Over the years I’ve tried numerous distributions, and there’s been a gradual progression from what were probably the early leaders in the Linux market—RedHat for example—through to the some recent and popular examples, particularly Gentoo and Kubuntu.
The question that has been running through my head recently though is whether this is an issue of favouritism on my part, or whether it is because the distributions I use today really are comparatively better than the distributions I used 4 or 5 years ago.
I was a big Redhat user—I paid for Redhat and support for a number of years, and used it religiously until the Redhat/Fedora split a few years back.
It wasn’t the split that caused me to stop using Redhat per se, I just used it as an opportunity to start looking at other alternatives. I tried a number of solutions, including SuSE, CentOS (which is based on the Redhat base), and many others.
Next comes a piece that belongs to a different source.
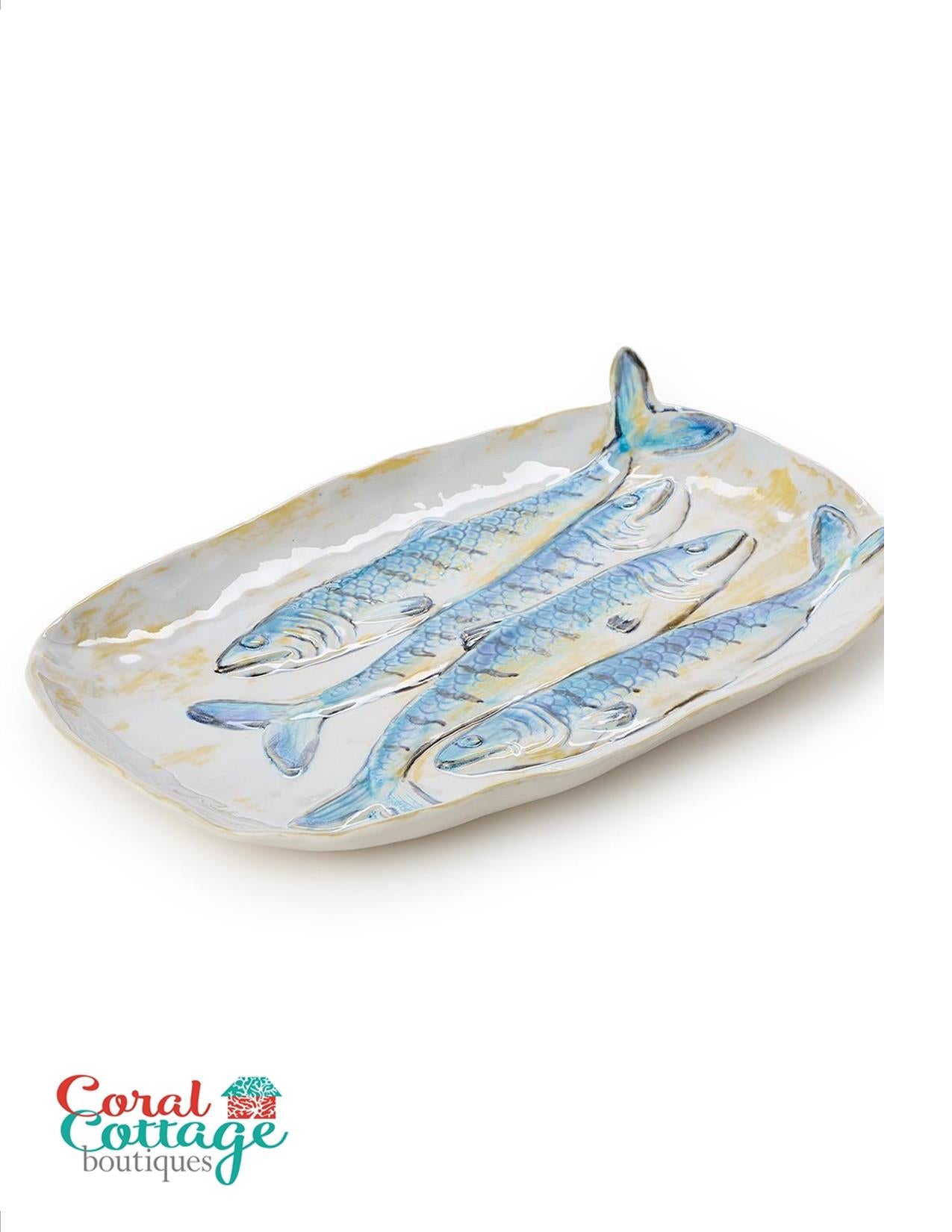 12" Oval Stoneware Sardine Tray
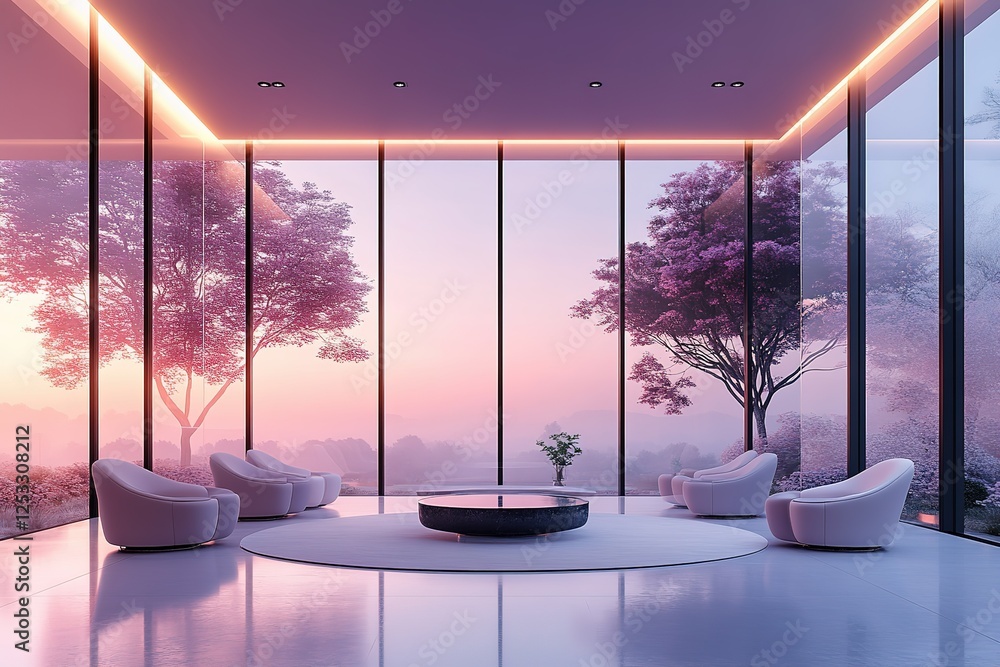 Poster serene indoor setting with nature views gentle colors create a peaceful atmosphere with minimalist f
Fedora’s early versions were, I think some will agree, less polished and reliable than either the Redhat distributions they replaced, or the more recent Fedora solutions. I had numerous problems with Fedora Core 1, 2 and early revisions of 3. That said, I hear bad things about Fedora, particularly in terms of support packages and tools, from some of my associates.
I ultimately settled on Gentoo as my primary solution. My basis for that decision was the source based distribution nature of Gentoo. As someone who uses many different platforms and environments and wants to get the best performance out of each of them, the host-compiled nature of Gentoo provides ideal performance, albeit with a large overhead for the compilation of each package.
Gentoo is great from a server and software development/test environment point of view. I haven’t found it such a good solution for the desktop, not because it doesn’t handle it well, but because if you want to keep your system up to date, completely recompiling KDE, X and QT can take a couple of days.
That’s why I’ve now settled on Kubuntu as my desktop Linux solution (see this post at ComputerWorld for some of the reasons).
Back to the original point—my dumping and migration away from Redhat and Fedora was driven by problems. But am I doing them a disservice? Do I now only use Gentoo and Kubuntu because they are the latest ‘fad’ distributions, or because they really are the best for my needs?
I don’t think there is an easy answer to that, not without spending a lot more time than I have now. I’d appreciate others opinions though on whether the popularity of certain distributions is due to them really being the best solution available, or whether we are responding to some net-generated hype.